Methods: Birth cohort study data were linked to detailed geographic information systems data characterizing 2001 tree canopy coverage based on LiDAR (light detection and ranging) and multispectral imagery within 0.25 km of the prenatal address. A total of 549 Dominican or African-American children born in 1998–2006 had outcome data assessed by validated questionnaire or based on IgE antibody response to specific allergens, including a tree pollen mix.
Results: Tree canopy coverage did not significantly predict outcomes at 5 years of age, but was positively associated with asthma and allergic sensitization at 7 years. Adjusted risk ratios (RRs) per standard deviation of tree canopy coverage were 1.17 for asthma (95% CI: 1.02, 1.33), 1.20 for any specific allergic sensitization (95% CI: 1.05, 1.37), and 1.43 for tree pollen allergic sensitization (95% CI: 1.19, 1.72).
Conclusions: Results did not support the hypothesized protective association of urban tree canopy coverage with asthma or allergy-related outcomes. Tree canopy cover near the prenatal address was associated with higher prevalence of allergic sensitization to tree pollen. Information was not available on sensitization to specific tree species or individual pollen exposures, and results may not be generalizable to other populations or geographic areas.
Citation: Lovasi GS, O’Neil-Dunne JP, Lu JW, Sheehan D, Perzanowski MS, MacFaden SW, King KL, Matte T, Miller RL, Hoepner LA, Perera FP, Rundle A. 2013. Urban Tree Canopy and Asthma, Wheeze, Rhinitis, and Allergic Sensitization to Tree Pollen in a New York City Birth Cohort.
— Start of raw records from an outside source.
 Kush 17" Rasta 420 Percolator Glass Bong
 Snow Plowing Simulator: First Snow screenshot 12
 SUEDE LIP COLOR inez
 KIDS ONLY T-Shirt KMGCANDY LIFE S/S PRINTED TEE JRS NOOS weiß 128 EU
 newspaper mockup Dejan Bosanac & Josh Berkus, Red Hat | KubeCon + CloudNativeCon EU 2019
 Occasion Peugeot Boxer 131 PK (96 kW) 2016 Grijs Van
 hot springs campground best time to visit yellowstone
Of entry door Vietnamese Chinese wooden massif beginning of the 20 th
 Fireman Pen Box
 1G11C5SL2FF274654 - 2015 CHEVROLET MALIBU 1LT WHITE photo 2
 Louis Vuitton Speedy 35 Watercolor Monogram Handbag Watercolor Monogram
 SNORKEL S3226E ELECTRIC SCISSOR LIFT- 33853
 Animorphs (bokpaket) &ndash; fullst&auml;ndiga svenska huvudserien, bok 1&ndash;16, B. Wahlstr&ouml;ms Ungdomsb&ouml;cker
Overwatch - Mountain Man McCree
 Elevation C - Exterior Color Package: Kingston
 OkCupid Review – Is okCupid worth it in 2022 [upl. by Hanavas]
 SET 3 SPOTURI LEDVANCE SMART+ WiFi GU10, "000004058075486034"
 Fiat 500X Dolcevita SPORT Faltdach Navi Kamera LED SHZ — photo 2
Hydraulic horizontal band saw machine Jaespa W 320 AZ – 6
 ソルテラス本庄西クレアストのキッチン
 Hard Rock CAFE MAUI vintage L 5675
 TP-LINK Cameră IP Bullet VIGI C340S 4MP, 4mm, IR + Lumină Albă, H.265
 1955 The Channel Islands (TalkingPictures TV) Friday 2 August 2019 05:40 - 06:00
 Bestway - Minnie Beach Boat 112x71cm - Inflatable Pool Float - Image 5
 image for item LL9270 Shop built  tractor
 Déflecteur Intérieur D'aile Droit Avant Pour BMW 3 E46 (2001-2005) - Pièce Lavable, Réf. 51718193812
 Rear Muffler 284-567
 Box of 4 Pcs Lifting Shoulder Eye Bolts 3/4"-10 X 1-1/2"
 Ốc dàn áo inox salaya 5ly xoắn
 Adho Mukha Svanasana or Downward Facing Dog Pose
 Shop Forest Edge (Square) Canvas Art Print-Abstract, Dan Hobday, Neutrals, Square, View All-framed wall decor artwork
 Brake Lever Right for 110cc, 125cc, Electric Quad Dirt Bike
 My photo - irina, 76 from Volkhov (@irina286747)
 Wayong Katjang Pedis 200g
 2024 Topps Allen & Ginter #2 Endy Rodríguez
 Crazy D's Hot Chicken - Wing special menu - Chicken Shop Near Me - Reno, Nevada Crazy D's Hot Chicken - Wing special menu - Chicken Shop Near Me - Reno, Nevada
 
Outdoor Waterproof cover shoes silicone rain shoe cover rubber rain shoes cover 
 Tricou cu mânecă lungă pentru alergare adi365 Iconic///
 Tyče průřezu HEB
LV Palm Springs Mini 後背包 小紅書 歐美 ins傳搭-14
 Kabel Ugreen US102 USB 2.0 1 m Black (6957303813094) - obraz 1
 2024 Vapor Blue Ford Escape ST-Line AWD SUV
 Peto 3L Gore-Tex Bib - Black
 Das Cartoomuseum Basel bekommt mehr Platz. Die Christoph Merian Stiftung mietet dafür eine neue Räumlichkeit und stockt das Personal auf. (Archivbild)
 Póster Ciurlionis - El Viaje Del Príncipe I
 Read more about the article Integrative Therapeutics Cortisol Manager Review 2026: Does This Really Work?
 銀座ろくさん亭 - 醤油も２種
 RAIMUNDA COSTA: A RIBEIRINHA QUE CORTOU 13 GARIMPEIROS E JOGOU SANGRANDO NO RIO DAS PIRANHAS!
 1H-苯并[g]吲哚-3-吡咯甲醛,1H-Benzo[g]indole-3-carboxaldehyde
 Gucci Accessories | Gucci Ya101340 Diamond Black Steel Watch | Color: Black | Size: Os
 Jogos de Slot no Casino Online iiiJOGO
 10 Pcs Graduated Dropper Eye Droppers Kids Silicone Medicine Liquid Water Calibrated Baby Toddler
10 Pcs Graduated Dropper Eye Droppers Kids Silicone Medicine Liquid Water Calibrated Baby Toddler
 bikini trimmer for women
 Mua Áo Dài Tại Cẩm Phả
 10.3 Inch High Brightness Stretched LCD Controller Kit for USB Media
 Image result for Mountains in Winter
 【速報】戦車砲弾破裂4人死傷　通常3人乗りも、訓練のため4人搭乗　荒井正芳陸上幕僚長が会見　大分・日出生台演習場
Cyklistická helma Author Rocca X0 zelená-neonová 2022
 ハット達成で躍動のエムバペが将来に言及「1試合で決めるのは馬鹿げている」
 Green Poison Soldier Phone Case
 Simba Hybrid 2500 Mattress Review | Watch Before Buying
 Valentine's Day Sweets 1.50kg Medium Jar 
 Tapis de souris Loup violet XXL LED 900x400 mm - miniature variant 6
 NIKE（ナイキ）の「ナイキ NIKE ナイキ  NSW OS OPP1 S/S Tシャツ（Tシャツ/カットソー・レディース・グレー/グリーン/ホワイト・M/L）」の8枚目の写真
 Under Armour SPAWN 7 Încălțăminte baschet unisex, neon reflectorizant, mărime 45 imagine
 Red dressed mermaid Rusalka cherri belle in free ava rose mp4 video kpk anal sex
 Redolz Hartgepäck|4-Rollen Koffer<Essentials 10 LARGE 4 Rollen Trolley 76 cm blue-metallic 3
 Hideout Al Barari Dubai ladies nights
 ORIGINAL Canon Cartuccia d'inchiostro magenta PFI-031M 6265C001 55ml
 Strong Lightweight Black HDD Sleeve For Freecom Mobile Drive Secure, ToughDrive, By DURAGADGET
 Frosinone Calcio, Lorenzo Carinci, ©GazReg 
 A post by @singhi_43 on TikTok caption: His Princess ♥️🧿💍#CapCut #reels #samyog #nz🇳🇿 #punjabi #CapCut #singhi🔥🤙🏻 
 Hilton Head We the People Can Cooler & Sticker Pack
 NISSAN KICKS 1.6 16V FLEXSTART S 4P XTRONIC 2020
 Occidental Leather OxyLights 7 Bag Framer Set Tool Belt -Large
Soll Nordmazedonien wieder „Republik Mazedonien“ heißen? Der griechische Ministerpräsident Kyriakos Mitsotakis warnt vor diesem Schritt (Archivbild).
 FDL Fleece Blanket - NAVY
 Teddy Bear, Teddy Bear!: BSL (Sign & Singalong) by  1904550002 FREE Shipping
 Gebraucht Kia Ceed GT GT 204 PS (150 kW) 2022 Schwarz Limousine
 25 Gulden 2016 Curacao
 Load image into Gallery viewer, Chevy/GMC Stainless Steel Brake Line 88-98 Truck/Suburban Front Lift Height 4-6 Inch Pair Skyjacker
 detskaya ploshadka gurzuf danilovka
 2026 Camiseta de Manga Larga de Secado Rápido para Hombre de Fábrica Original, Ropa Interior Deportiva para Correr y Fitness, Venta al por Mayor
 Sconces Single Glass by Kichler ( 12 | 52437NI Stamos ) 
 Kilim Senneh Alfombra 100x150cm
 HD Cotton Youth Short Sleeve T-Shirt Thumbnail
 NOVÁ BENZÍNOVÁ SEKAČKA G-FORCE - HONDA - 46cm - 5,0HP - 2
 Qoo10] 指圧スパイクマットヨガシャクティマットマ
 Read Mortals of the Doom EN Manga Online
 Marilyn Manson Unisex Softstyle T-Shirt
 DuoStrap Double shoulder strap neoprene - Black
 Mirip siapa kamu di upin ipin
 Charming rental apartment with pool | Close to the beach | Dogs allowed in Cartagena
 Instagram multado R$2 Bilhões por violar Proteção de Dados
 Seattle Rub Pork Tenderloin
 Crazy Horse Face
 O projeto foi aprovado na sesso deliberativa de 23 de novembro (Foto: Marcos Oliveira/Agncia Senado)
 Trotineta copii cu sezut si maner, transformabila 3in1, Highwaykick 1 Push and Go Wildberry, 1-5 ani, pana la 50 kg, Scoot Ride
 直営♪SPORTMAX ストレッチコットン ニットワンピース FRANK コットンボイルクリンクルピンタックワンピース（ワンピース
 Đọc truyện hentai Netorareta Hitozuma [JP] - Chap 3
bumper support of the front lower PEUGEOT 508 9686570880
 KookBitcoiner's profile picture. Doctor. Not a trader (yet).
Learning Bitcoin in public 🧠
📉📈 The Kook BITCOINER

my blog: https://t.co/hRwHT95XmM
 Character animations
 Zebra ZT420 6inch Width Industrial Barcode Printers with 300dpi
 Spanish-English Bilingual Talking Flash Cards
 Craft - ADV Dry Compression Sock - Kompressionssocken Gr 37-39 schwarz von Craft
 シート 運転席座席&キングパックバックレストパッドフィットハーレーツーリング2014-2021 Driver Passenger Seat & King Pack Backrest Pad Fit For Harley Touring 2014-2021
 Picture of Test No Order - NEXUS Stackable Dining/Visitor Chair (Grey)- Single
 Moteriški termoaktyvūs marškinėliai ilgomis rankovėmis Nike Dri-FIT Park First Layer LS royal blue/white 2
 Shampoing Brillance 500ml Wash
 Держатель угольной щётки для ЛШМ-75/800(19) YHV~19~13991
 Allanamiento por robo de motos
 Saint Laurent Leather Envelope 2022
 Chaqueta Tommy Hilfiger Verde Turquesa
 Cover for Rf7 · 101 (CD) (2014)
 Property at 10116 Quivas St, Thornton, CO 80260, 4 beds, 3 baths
Environ Health Perspect 121:494–500; http://dx.doi.org/10.1289/ehp.1205513
Address correspondence to A. Rundle, 722 W 168th St., 7th floor, Room 730, New York, NY 10032 USA. Telephone: (212) 305-7619. E-mail: firstname.lastname@example.org
We thank J. Quinn, N. Eldred-Skemp, and O. Schwartz-Soicher for their assistance with the geographic data, literature review, and statistical analysis validation, respectively.
This project was partially funded by the U.S. Forest Service, U.S. Department of Agriculture, with a grant recommended by the National Urban and Community Forestry Advisory Council. In addition, the Columbia Center for Children’s Environmental Health is supported by the National Institute of Environmental Health Sciences (grants 5P01ES009600, 5R01ES008977, 5R01ES11158, 5R01ES012468, R01ES014393, R01ES13163, P30ES009089, and 5R01ES10165), the U.S. Environmental Protection Agency (grants R827027, 82860901, and RD-832141), Irving General Clinical Research Center (grant RR00645), the Educational Foundation of America, the Horace Gladys and Roland Harriman Foundation, the Johnson Family Foundation, the Marisla Foundation, the John Merck Fund, New York Community Trust, the New York Times Company Foundation, and trustees of the Blanchette Hooker Rockefeller Fund. In addition, G.S.L. is supported by the National Institute for Child Health and Human Development (K01HD067390) and the Robert Wood Johnson Foundation Health & Society Scholars program at Columbia University.
The sponsors had no role in the design, conduct, or publication of the research. The authors retained full control of all the data.
The authors declare they have no actual or potential competing financial interests.
Received: 23 May 2012
Accepted: 14 January 2013
Advance Publication: 15 January 2013
Final Publication: 1 April 2013
- Supplemental Material (201 KB) PDF
- The original manuscript published online reported that testing used Tx8 instead of the correct Tx1, which included Juglans californica (California black walnut) and Ulmus americana (American elm) rather than Corylus avellana (common filbert) and Platanus x acerifolia (London planetree). The text has been corrected here.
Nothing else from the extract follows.